# Baby Got Back!



## M.J.H. (Aug 28, 2006)

I know I keep going back to this damn program, I don't know what the hell I don't stick to it to begin with. My girlfriend constantly reminds me how no matter what program I do, I always go right back to Baby Got Back. To those of you who are not familiar with it I'm going to quote the article here:



> *Building the Ultimate Back*
> 
> The back can be thought of as being divided into vertical and horizontal planes. So, back training should really be split into two workouts - one devoted to horizontal pulling (thickness based workout / rowing movements) and one devoted to vertical pulling (width based workout / pull ups). As for heavy Deadlifts, they will round out your back workout.
> 
> ...



Feel free to post comments/support/suggestions.


----------



## shiznit2169 (Aug 28, 2006)




----------



## M.J.H. (Aug 28, 2006)

*shiznit*
Hah, I was waiting for this.


----------



## M.J.H. (Aug 28, 2006)

Monday; 8-28-2006


*Horizontal Push/Pull* (40 minutes, 20 sets)

*Decline Bench Presses*
5 sets of 5 with 225

*Bentover Rows*
5 sets of 5 with 235

*Flat DB Flyes*
3 sets of 8 with the 50's

*Rope Cable Rows*
3 sets of 8 with 160

*Cable Crossovers*
2 sets of 12 with 60

*Bentover DB Lateral Raises*
2 sets of 12 with the 25's

*Cardio*
10 minutes of incline walking on the treadmill, 3.4 MPH at an 8% incline.

Not a bad session today at all actually, nice to be back into this routine again. Looking forward to tomorrow's session. 


Diet-

Preworkout: 1 scoop of whey protein + 1 cup of 2% milk, 1 packet of oatmeal
Postworkout: 1 scoop of whey protein + 1 cup of 2% milk
Meal 1: 1% cottage cheese + non-fat yogurt
Meal 2: 8 tbsp. peanut butter
Meal 3: 2 cans of tuna + 2 slices of rye bread
Meal 4: MRP bar

Total Calories: 3,051
Total (g) Protein: 278
Total (g) Carbs: 213g
Total (g) Fat: 125g


Sleep- 6 hours.  

Every single day my girlfriend tells me to get more sleep, but I never listen.
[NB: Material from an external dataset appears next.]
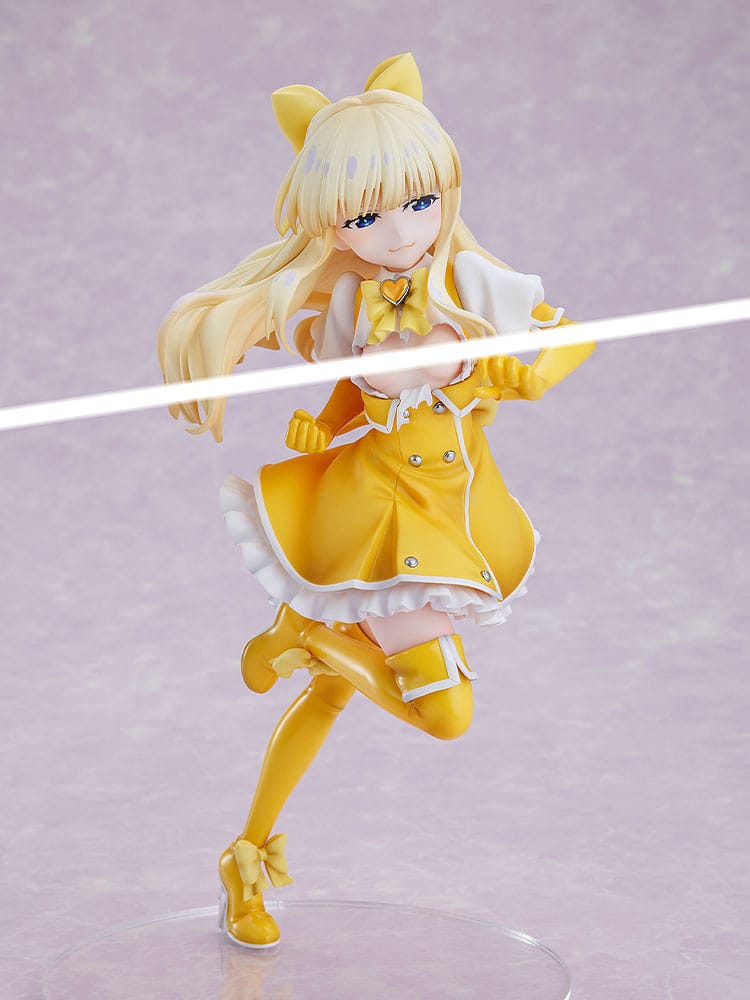Statue Gushing Over Magical Girls 1/7 Magia Soufre 22 cm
What a friggin' idiot.


----------



## M.J.H. (Aug 28, 2006)

Here is a recent picture taken a few days ago, I'm weighing right around 206-208 lbs. when this picture was taken.


----------



## AKIRA (Aug 28, 2006)

Youre doing the same routine I do I think.  Upper horizontal/lower/upper vertical?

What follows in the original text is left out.